Investors in the fund include Royal Bank of Scotland group, the European Investment Fund, Standard Life Investments, Lloyds Development Capital, Bank of Scotland and Westport Private Equity through the UK High Technology Fund. SEP II reached its original target of £75m three months after it had been set up in September last year and the cap was then increased to £100m.
Calum Paterson, managing director of Scottish Equity Partners said that fundraising had gone well at a time of considerable volatility in the technology sector. “At £100m, the fund is of a scale which means that we will be able to follow companies all the way through from initial investment. In addition, some of the major institutional investors in the fund can be introduced as direct co-investors and hence the range of the funding opportunities which we can now look at is greatly increased,” he added.
The fund's focus will be on early stage and emerging growth companies in sectors such as software, microelectronics, communication technologies, healthcare and life sciences in Scotland, the UK and Ireland. The company is increasing the size of investments to between £250,000 and £5m from an upper limit of £1.5m in its last fund, SEP I.

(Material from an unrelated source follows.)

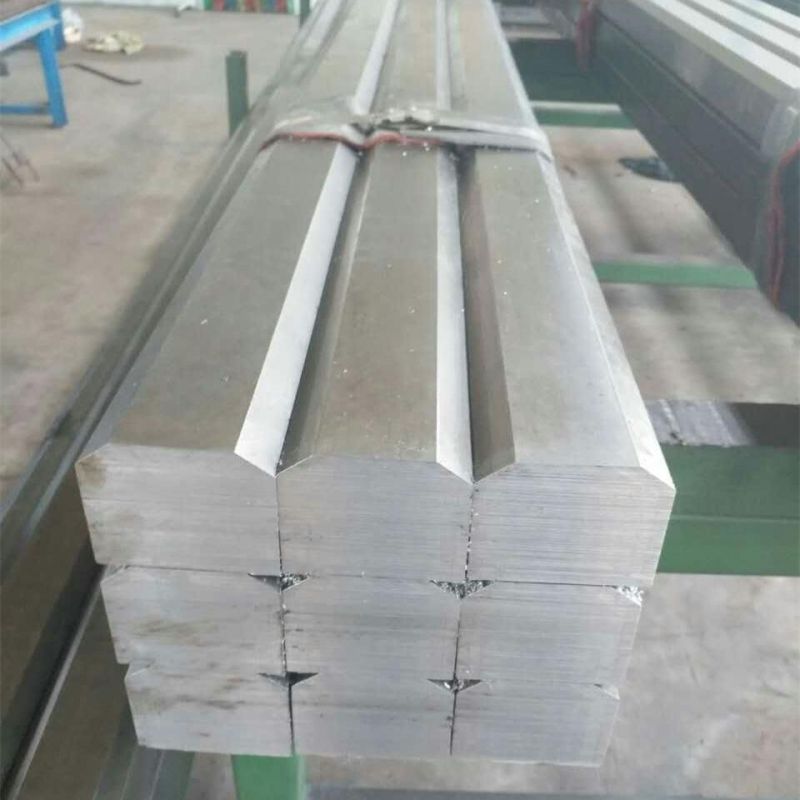 SAE 1020 1045 4140 Peeled Steel Round Bar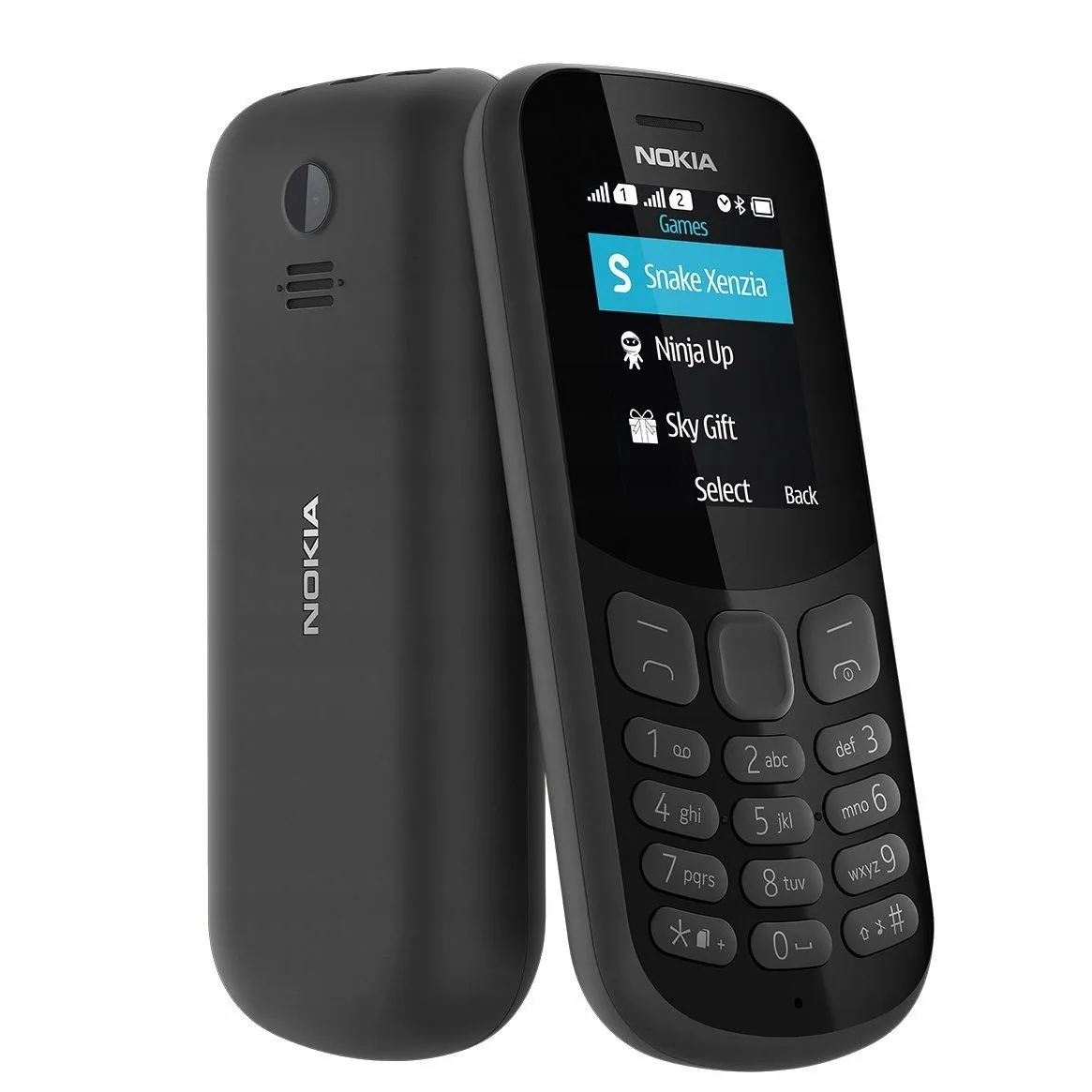Мобильный телефон Nokia 130 DS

The first investment from SEP II was completed two weeks ago. An investment was made in Provis, a Lancashire-based healthcare company. Patterson said that current enquiry levels were “buoyant” and that the company expects to complete several investments immininently.
The new fund is expected to provide Scottish Equity Partners with its investment capital for the next four years or so. The company has also appointed two new executives to join its investment team later this month and created an investment advisory group.